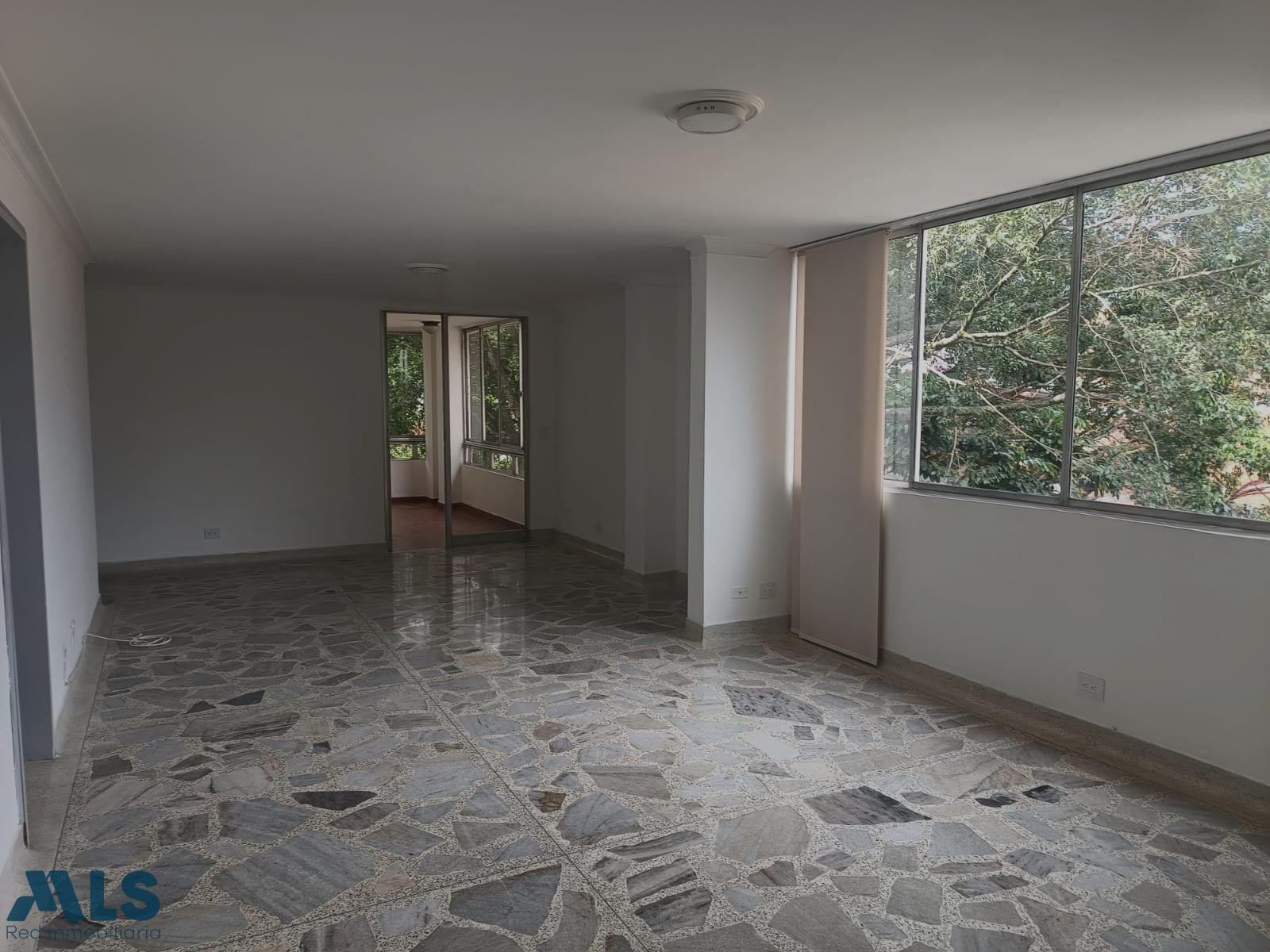 Se vende apartamento en Laureles, sector Estadio medellin - estadio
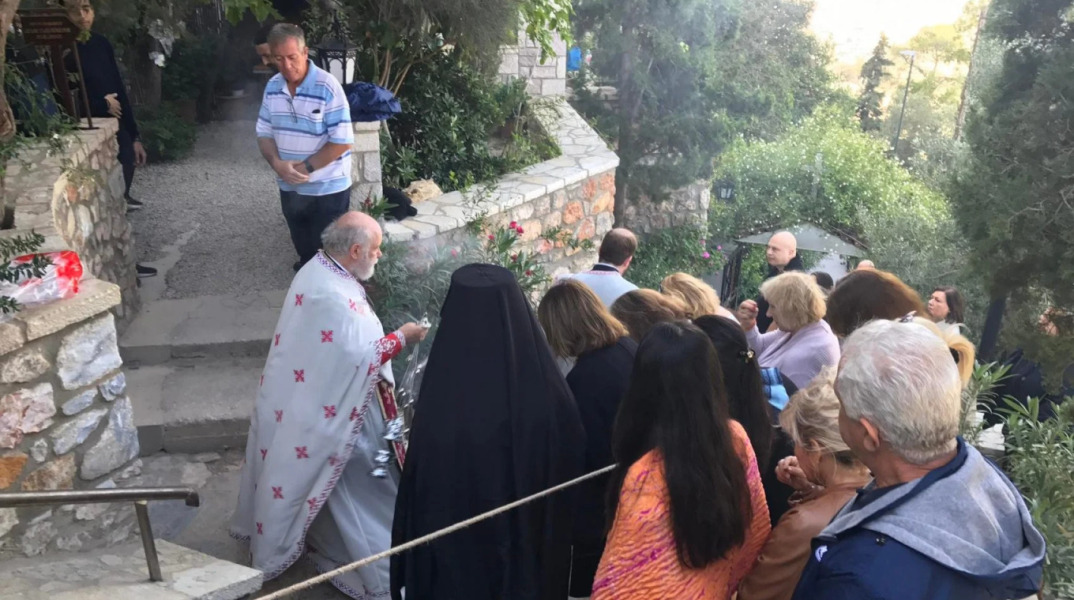 Άγιοι Ισίδωροι Λυκαβηττού - Πιστοί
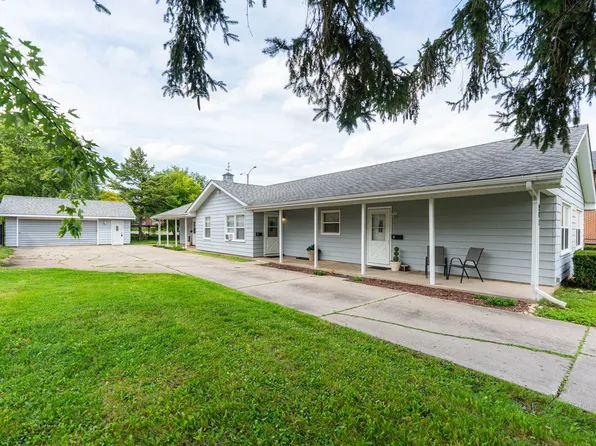 901 Kimberly Dr, Dekalb, IL 60115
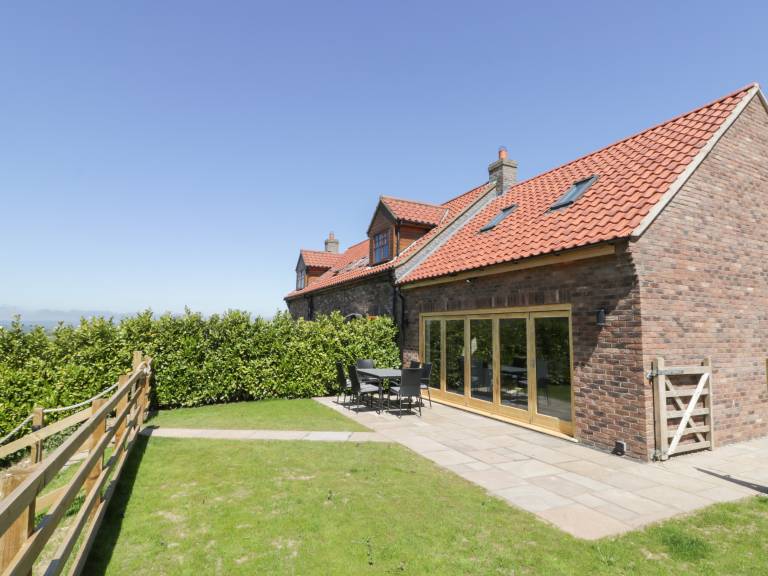 Children-friendly cottage with garden & jacuzzi | Beach view | Pets allowed — photo 2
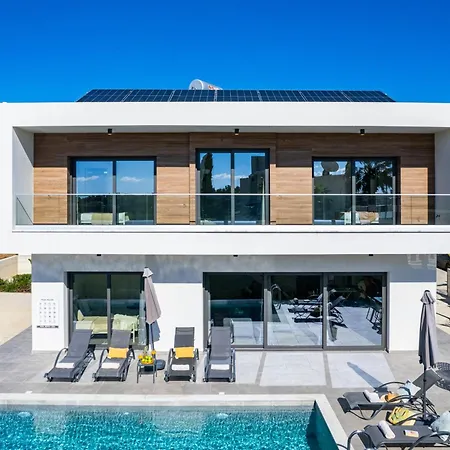 Villa Soleil Luxury By Nomads - Walk To Coral Bay Peyia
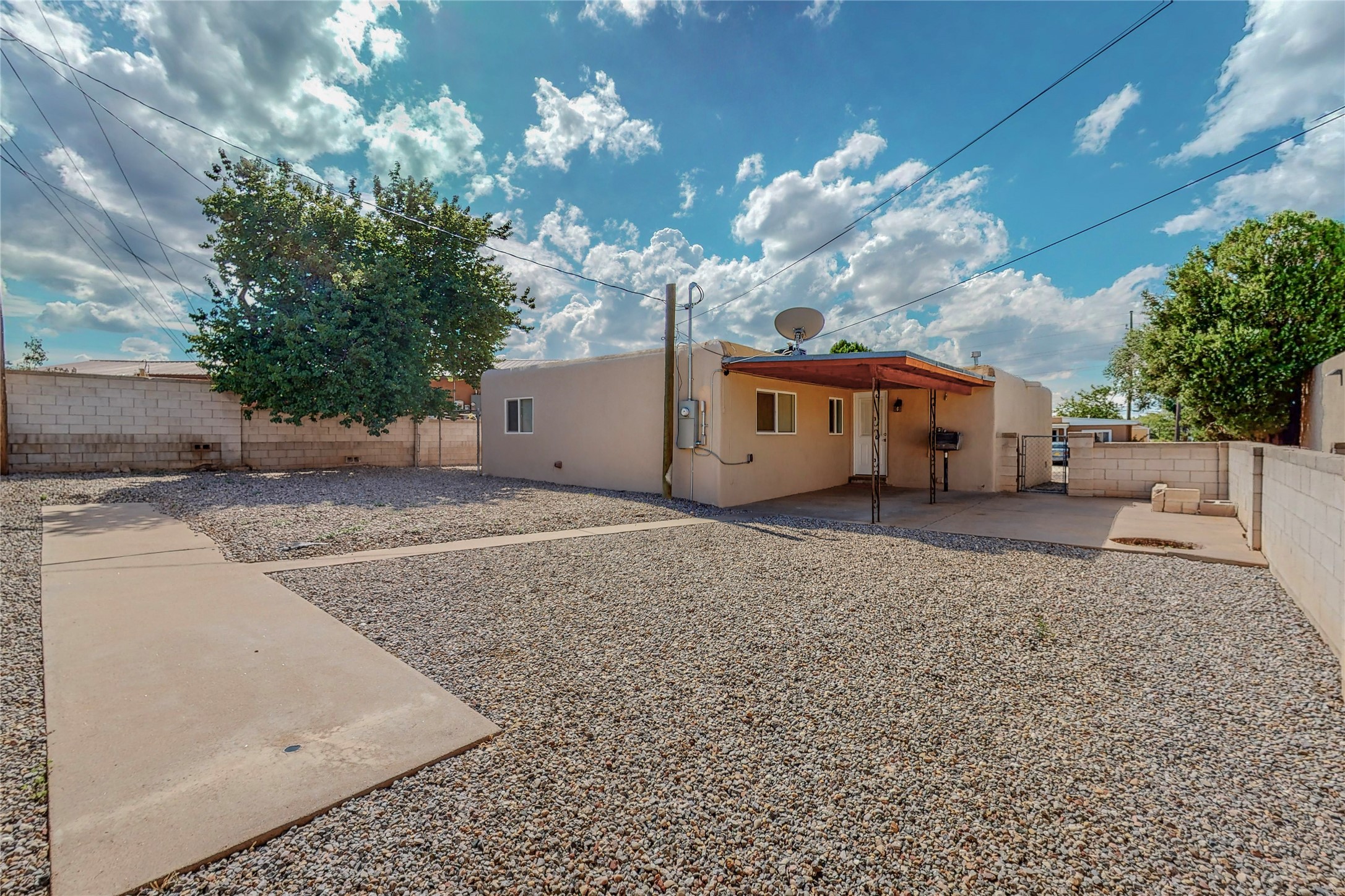 1014 Valerie Circle, Santa Fe, New Mexico 87507, 3 Bedrooms Bedrooms, ,1 BathroomBathrooms,Residential,For Sale,1014 Valerie Circle,202232797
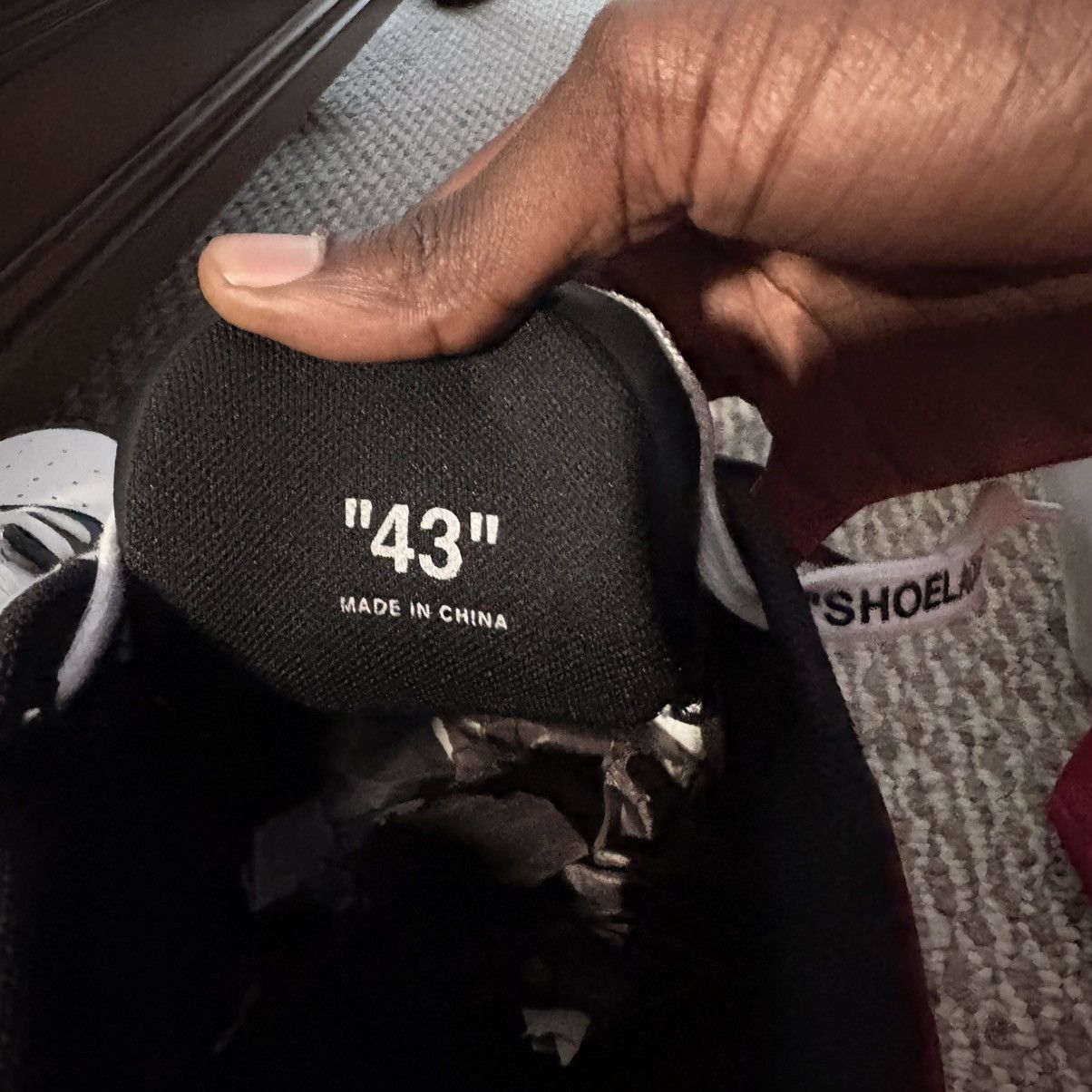 Off-White Offwhite Out of Office ‘Black and White’ Size US 10 / EU 43 - 6 Thumbnail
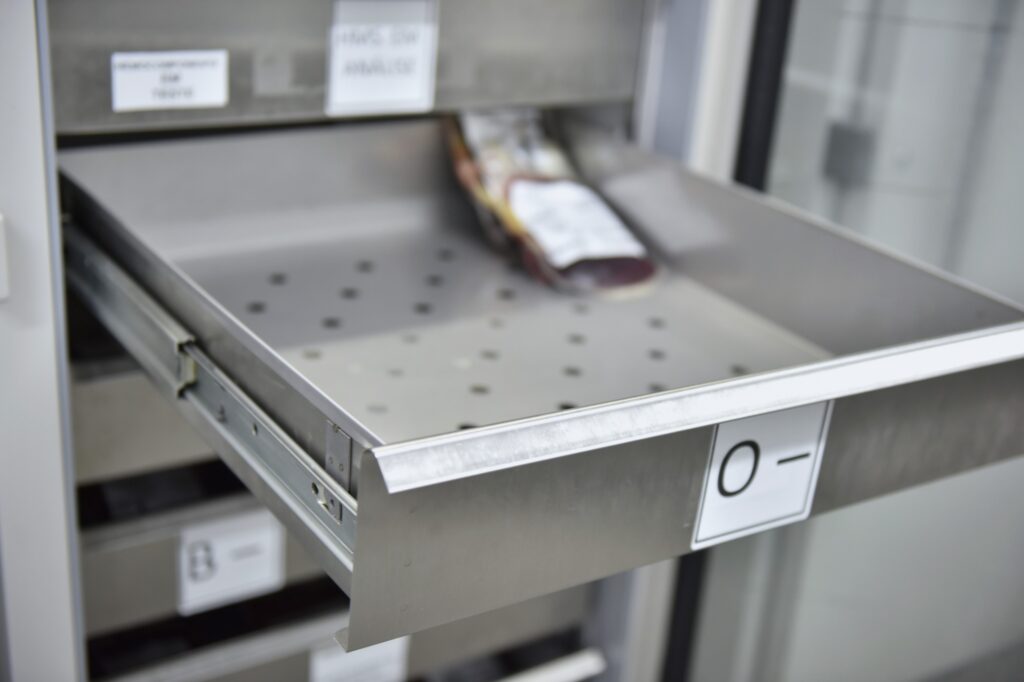 Bolsa de sangue no Banco de Sangue do Hugol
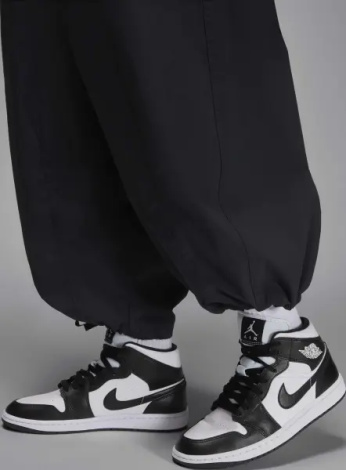 Спортивні штани жіночі Nike JORDAN FLIGHT CHICAGO PARACHUTE HM6144-010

○ ○ ○ ○ ○

_Problem details:_ Retype the data above verbatim, minus images.

_Answer box:_
 Se vende apartamento en Laureles, sector Estadio medellin - estadio
 Άγιοι Ισίδωροι Λυκαβηττού - Πιστοί
 901 Kimberly Dr, Dekalb, IL 60115
 Children-friendly cottage with garden & jacuzzi | Beach view | Pets allowed — photo 2
 Villa Soleil Luxury By Nomads - Walk To Coral Bay Peyia
 1014 Valerie Circle, Santa Fe, New Mexico 87507, 3 Bedrooms Bedrooms, ,1 BathroomBathrooms,Residential,For Sale,1014 Valerie Circle,202232797
 Off-White Offwhite Out of Office ‘Black and White’ Size US 10 / EU 43 - 6 Thumbnail
 Bolsa de sangue no Banco de Sangue do Hugol
 Спортивні штани жіночі Nike JORDAN FLIGHT CHICAGO PARACHUTE HM6144-010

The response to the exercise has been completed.